What is expected
Exact transcription with no images: write out all of the entries below.

Information provided
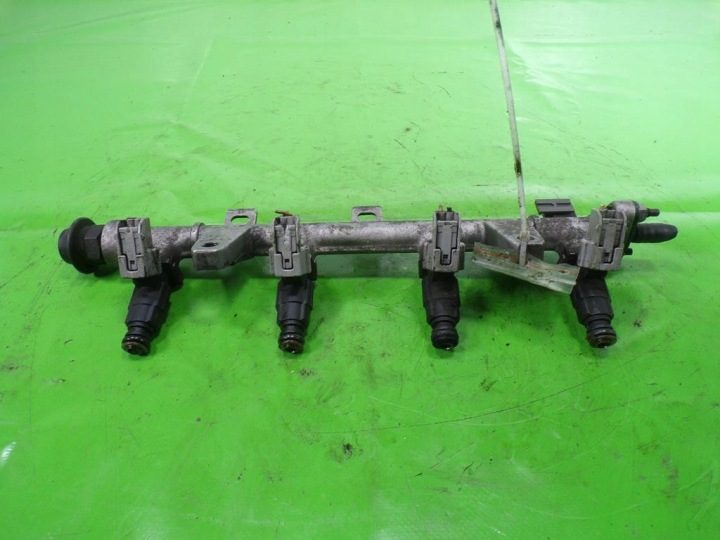 HYUNDAI КУПЕ II 1.6 16V G4ED ТОПЛИВНАЯ РАМПА 35310-22600, фото 1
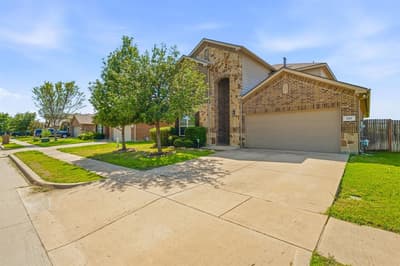 229 Pin Cushion Trail, Burleson TX 76028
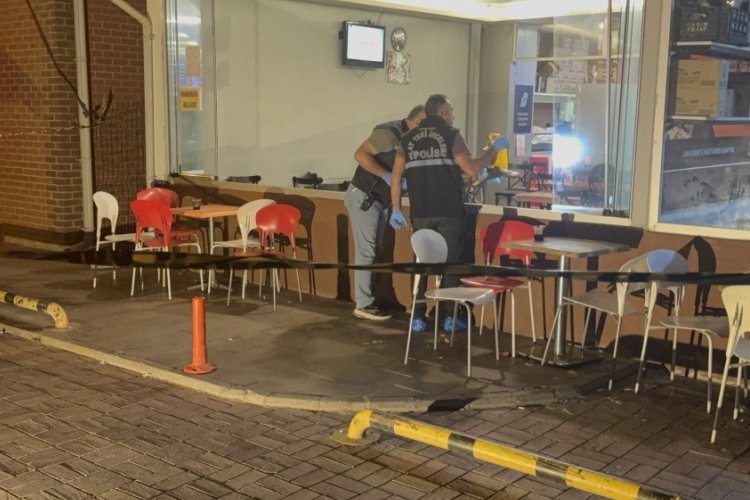 Hastane kantininde panik anları! Eşi ve arkadaşını vurdu...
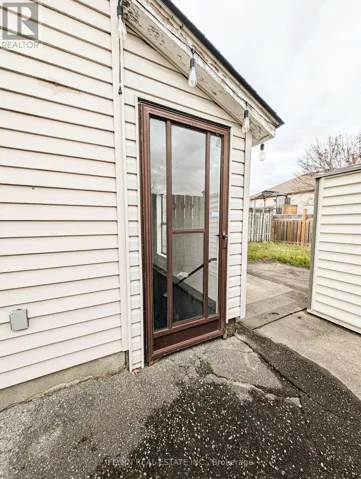 2 - 164 WINDSOR STREET, Welland (Broadway), Ontario L3C6T6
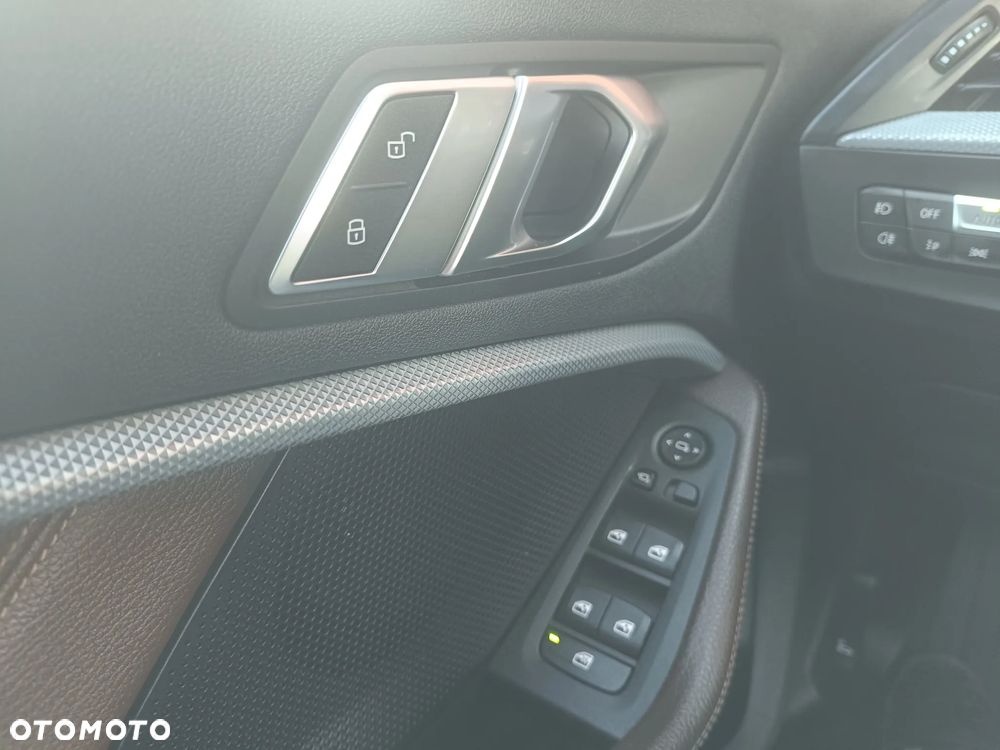 BMW Seria 1 118i M Sport - 31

Exercise output
 HYUNDAI КУПЕ II 1.6 16V G4ED ТОПЛИВНАЯ РАМПА 35310-22600, фото 1
 229 Pin Cushion Trail, Burleson TX 76028
 Hastane kantininde panik anları! Eşi ve arkadaşını vurdu...
 2 - 164 WINDSOR STREET, Welland (Broadway), Ontario L3C6T6
 BMW Seria 1 118i M Sport - 31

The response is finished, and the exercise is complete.